Subject to the provisions of Condition 4(b)(iv), if, in respect of any London Business Day in the relevant Observation Period, the Calculation Agent (or such other party responsible for the calculation of the Rate of Interest, as specified in the Final Terms) determines that the SONIA reference rate is not available on the Relevant Screen Page or has not otherwise been published by the relevant authorised distributors, such SONIA reference rate shall be:

(x)          the Bank of England's Bank Rate (the "Bank of England Base Rate") prevailing at 5:00 p.m. (or, if earlier, close of business) on the relevant London Business Day; plus

(y)          the mean of the spread of the SONIA reference rate to the Bank of England Base Rate over the previous five London Business Days on which a SONIA reference rate has been published, excluding the highest spread (or, if there is more than one highest spread, one only of those highest spreads) and lowest spread (or, if there is more than one lowest spread, one only of those lowest spreads).

Subject to the provisions of Condition 4(b)(iv), if the Rate of Interest cannot be determined in accordance with paragraphs (x) and (y) by the Calculation Agent (or such other party responsible for the calculation of the Rate of Interest, as specified in the Final Terms), the Rate of Interest shall be:

(I)           that determined as at the Interest Determination Date for the last preceding Interest Accrual Period; or

(II)         if there is no such preceding Interest Determination Date, the sum of (A) 6.952 per cent. per annum and (B) 1.00 per cent. per annum, with such sum being converted from a semi-annual to a quarterly basis by the Calculation Agent (or such other party responsible for the calculation of the Rate of Interest, as specified in the applicable Final Terms) in accordance with the instructions of the Issuer, rounded to the nearest 0.001 per cent., with 0.0005 per cent. being rounded upwards (which instructions from the Issuer shall (in the absence of manifest error) be final and binding upon all parties).

If the Notes become due and payable in accordance with Condition 10, the final Interest Determination Date shall, notwithstanding any Interest Determination Date specified in the Final Terms or in this Condition 4(b)(iii)(C), be deemed to be the date on which such Notes become due and payable and the Rate of Interest on the Notes shall, for so long as any of the Notes remain outstanding, be determined on such date and as if (solely for the purpose of such interest determination) the relevant Interest Accrual Period had been shortened accordingly."

Part 2

1.             Insertion of new Condition 4(b)(iv)

For the purposes of the Notes, the following wording shall be deemed to be included in the Conditions as a new Condition 4(b)(iv):

"(iv)        Benchmark Discontinuation

If a Benchmark Event occurs in relation to an Original Reference Rate when any Rate of Interest (or any component part thereof) remains to be determined by reference to such Original Reference Rate, then the following provisions shall apply to the Notes:

(1)           The Issuer shall use its best efforts to appoint an Independent Adviser, at the Issuer's own expense and as soon as reasonably practicable, to determine a Successor Reference Rate or, if such Independent Adviser is unable so to determine a Successor Reference Rate, an Alternative Reference Rate and, in each case, an Adjustment Spread (if any) and any Benchmark Amendments (in any such case, acting in good faith and in a commercially reasonable manner) for the purposes of determining all future payments of interest on the Notes (subject to the subsequent further operation of this Condition 4(b)(iv)).

(2)           An Independent Adviser appointed pursuant to this Condition 4(b)(iv) shall act in good faith and in a commercially reasonable manner as an expert.

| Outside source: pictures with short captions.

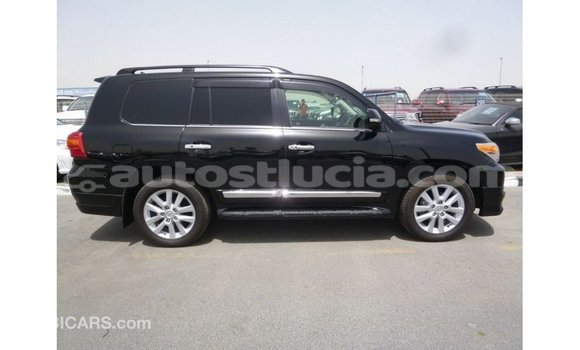 Buy Import Toyota Land Cruiser Black Car in Import - Dubai in Anse-la-Raye Buy Import Toyota Land Cruiser Black Car in Import - Dubai in Anse-la-Raye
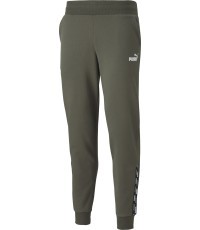 Puma Kelnės Moterims Power Pants Fl Khaki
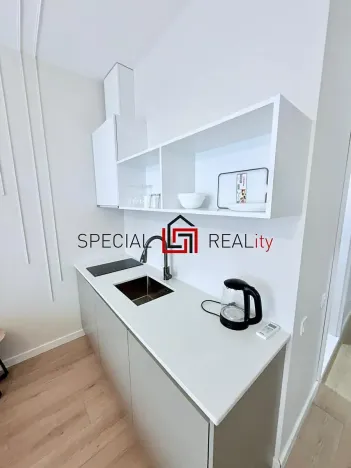 Pronájem apartmánu, Batumi, Gruzie, Grigol Lortkipanidze Street, 30 m2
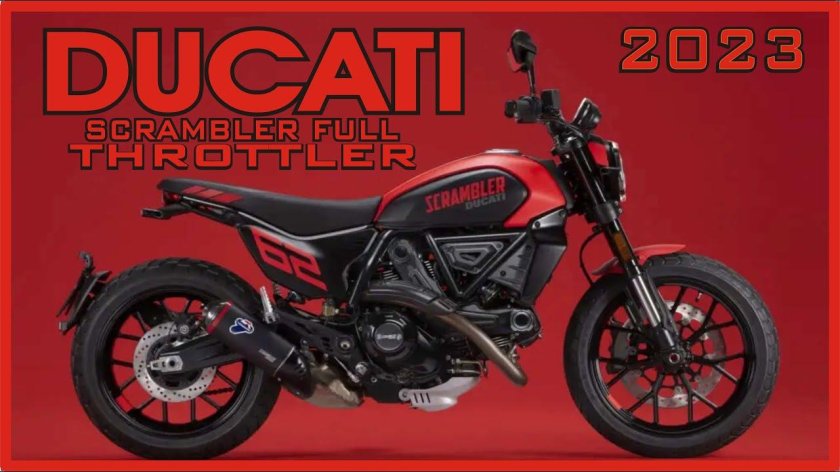 Ducati Scrambler 800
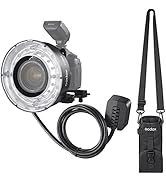 Amazon.com : Godox Ad200 Pro II Accessories, Godox R200 Ring Flash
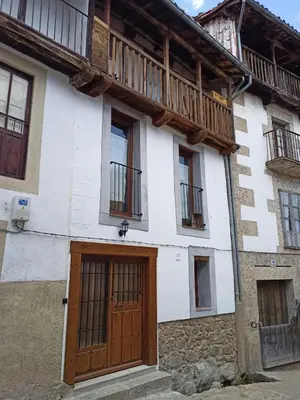 Edificio en el que se encuentra el apartamento
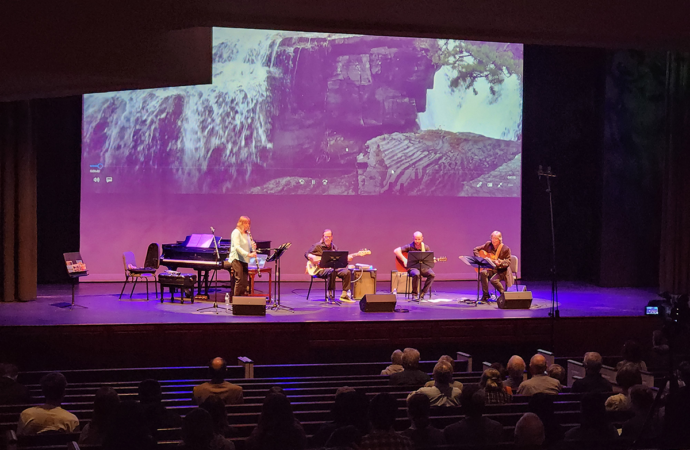 Concert brings national park experience to life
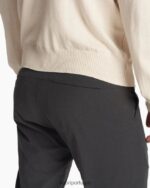carvão calça de mira homens Vuori 68NJ8J840 roupas - Image 6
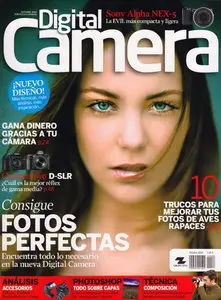 Digital Camera (Octubre 2010) / Spain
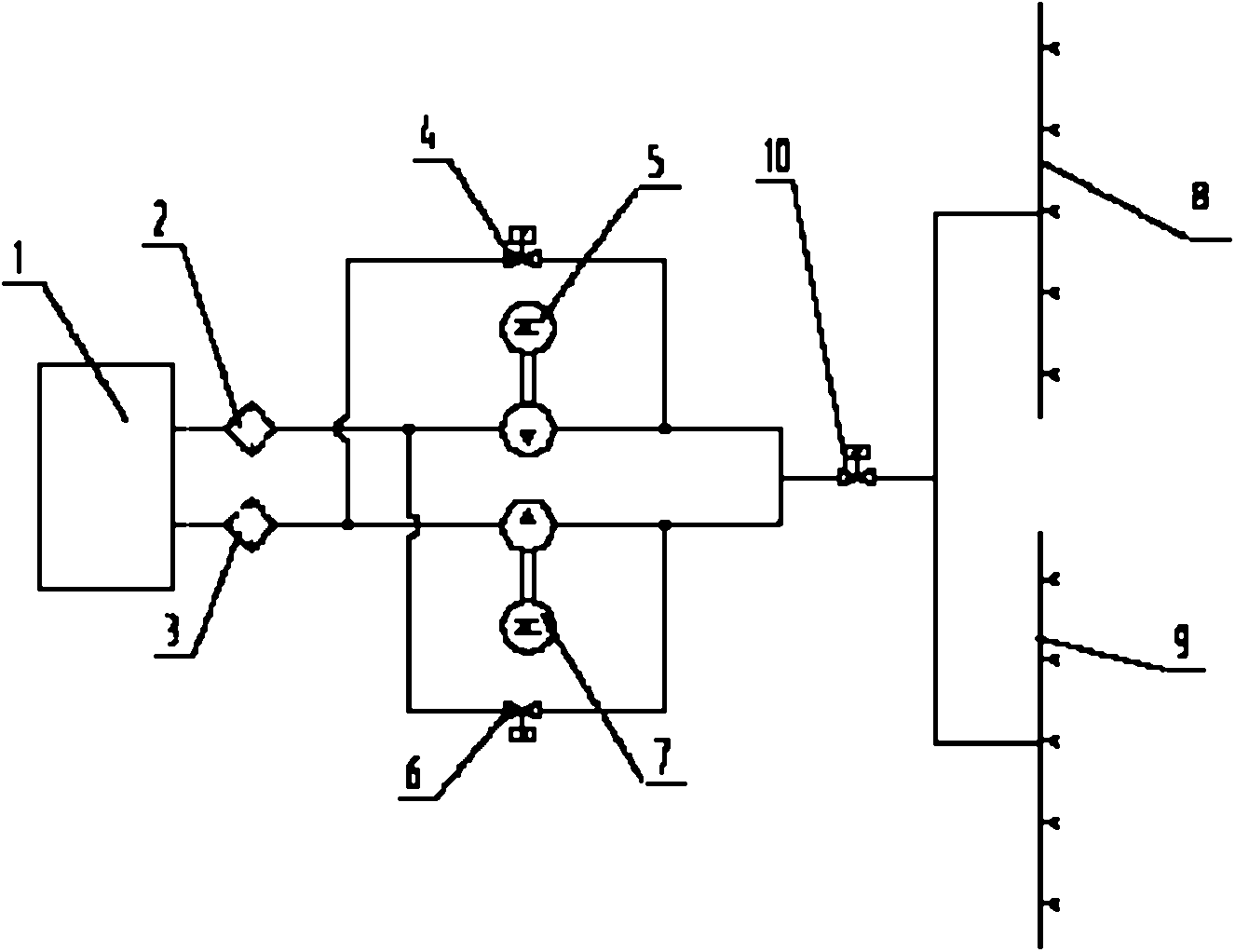 Road roller, water spray control system and method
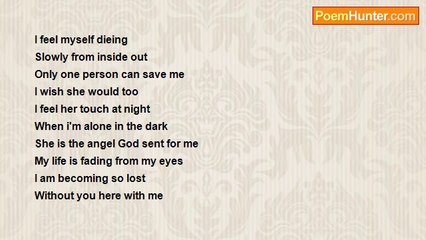 Malcolm Hetherington - Dieing slowly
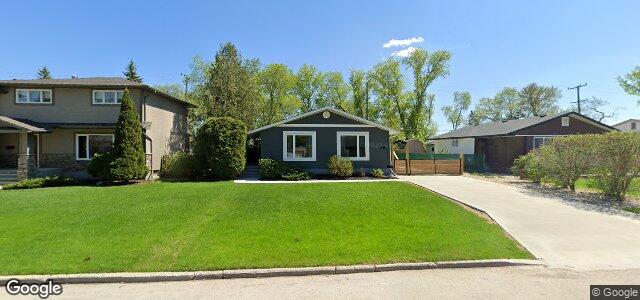 1416 Mars Drive（加拿大曼尼托巴省温尼伯市）房屋照片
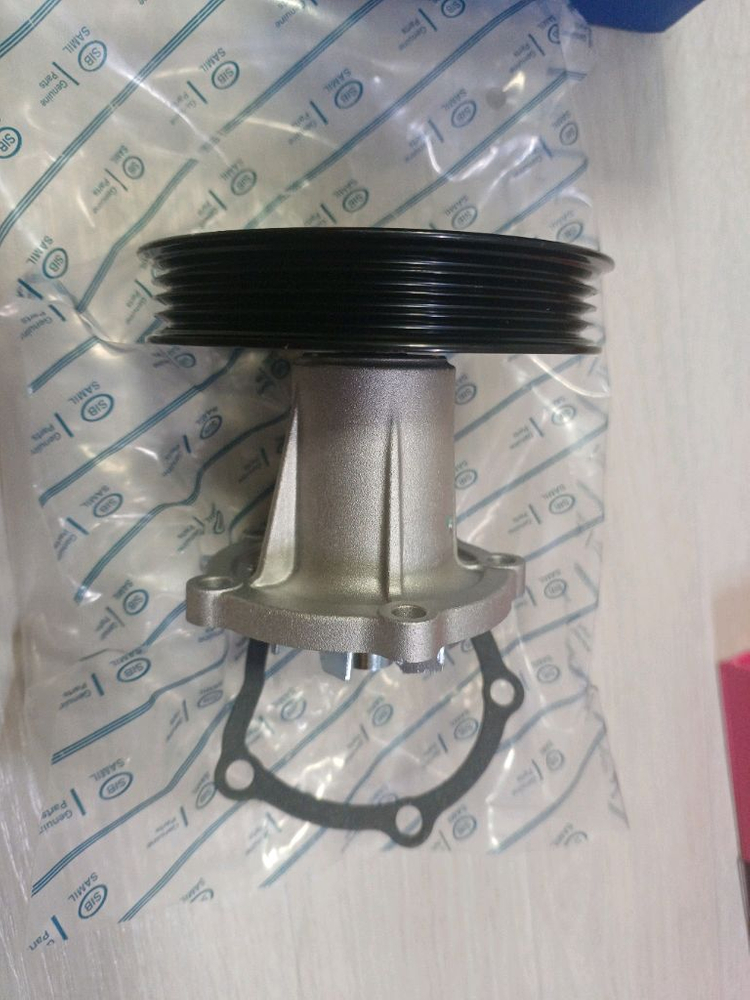 마티즈 M300 워터펌프. 96416294 이미지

In the absence of bad faith or fraud, the Independent Adviser shall have no liability whatsoever to the Issuer, the Trustee, the Paying Agents, the Noteholders or the Couponholders for any determination made by it pursuant to this Condition 4(b)(iv).

(3)           If the relevant Independent Adviser (acting in good faith and in a commercially reasonable manner), no later than five Business Days prior to the Interest Determination Date relating to the next Interest Period (the "IA Determination Cut-off Date"), determines:

(i)            there is a Successor Reference Rate, then such Successor Reference Rate shall (subject to any applicable Adjustment Spread) subsequently be used in place of the Original Reference Rate to determine the Rate of Interest (or the relevant component part thereof) for all relevant future payments of interest on the Notes (subject to the subsequent further operation of this Condition 4(b)(iv)); or

(ii)           there is no Successor Reference Rate but that there is an Alternative Reference Rate, then such Alternative Reference Rate shall (subject to any applicable Adjustment Spread) subsequently be used in place of the Original Reference Rate to determine the Rate of Interest (or the relevant component part thereof) for all relevant future payments of interest on the Notes (subject to the subsequent further operation of this Condition 4(b)(iv)).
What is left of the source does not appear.